The FBI has launched an investigation in the US after a British couple who paid almost £5,000 for a Rolex watch in an internet auction received a photo of the item instead.
When is a Rolex not a Rolex? The trials and tribulations of the internet auction
Tom and Carol Shead, of Peterlee in Durham, believed they were bidding for a diamond-encrusted, 18-carat gold watch worth £25,000 on auction site eBay. Rolex confirmed it's easily possible for a new Rolex to cost £25,000.
They transferred £4,700 to a bank account in America. But a few days later they received a package containing only an A4-sized picture of the watch.
The seller of the watch, an 18-year old US university student, denies any wrongdoing. He claims the Rolex snap was advertised in the art section of the auction site.

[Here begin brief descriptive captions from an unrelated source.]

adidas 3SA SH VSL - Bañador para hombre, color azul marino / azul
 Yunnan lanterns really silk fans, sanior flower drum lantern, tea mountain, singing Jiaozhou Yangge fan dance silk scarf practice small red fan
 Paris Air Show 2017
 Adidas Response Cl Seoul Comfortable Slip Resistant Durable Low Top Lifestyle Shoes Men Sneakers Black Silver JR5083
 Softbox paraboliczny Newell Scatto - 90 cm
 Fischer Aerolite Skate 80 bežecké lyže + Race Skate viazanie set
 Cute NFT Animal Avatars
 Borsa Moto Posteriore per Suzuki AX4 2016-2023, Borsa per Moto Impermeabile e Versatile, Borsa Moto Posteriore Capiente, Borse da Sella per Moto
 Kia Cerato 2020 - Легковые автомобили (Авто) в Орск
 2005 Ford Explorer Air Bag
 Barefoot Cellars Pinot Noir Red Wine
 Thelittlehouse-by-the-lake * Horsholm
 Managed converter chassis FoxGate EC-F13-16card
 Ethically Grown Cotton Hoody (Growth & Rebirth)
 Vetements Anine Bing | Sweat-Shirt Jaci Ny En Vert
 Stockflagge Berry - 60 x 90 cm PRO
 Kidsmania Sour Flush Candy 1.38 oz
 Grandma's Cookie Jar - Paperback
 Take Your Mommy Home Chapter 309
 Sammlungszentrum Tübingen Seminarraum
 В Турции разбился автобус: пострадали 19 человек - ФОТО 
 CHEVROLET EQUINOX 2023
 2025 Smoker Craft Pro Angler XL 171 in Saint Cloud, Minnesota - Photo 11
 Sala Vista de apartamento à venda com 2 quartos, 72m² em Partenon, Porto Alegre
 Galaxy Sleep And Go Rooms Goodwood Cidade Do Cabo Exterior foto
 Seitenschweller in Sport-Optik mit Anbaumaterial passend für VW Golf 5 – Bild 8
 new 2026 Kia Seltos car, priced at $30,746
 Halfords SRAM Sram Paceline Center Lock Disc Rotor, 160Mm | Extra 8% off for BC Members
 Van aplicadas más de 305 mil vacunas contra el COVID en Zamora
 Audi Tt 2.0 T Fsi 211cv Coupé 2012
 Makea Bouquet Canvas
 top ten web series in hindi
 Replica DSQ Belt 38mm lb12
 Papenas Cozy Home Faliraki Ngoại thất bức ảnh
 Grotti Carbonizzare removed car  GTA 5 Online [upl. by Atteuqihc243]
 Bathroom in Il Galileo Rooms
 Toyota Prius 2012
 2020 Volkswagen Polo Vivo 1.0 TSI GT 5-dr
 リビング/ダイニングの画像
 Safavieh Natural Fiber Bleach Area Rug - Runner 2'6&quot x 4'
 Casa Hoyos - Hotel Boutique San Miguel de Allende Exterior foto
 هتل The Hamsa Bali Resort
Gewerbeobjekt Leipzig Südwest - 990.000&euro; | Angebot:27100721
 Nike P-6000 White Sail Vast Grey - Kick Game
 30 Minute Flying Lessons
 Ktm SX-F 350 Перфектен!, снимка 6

But Mrs Shead said there was nothing on the site to indicate the item she was buying was not a genuine Rolex watch.
“On the internet there was a description saying it was in mint condition. There was even a description of the diamond bezel,” said Mrs Shead.
The gift was to have been a birthday present from her husband Tom, an ex-miner who is housebound due to back injuries sustained in his work.
“I’ll never buy anything big off the internet again,” she said, “I’ve been so upset by this.” Mrs Shead said she now held no hope of seeing the money again.
The couple paid for the item directly from their bank account to the seller’s account. The vendor had demanded the transaction should take place in this way.
Detective Constable Brian Roberts of Peterlee police warned internet users against vendors who demanded cash transactions only.
“Reputable credit card companies are insured against internet fraud,” he said, “There is no reason why reputable sellers should be against a credit card debit.”
The FBI said this week an arrest was imminent in the case.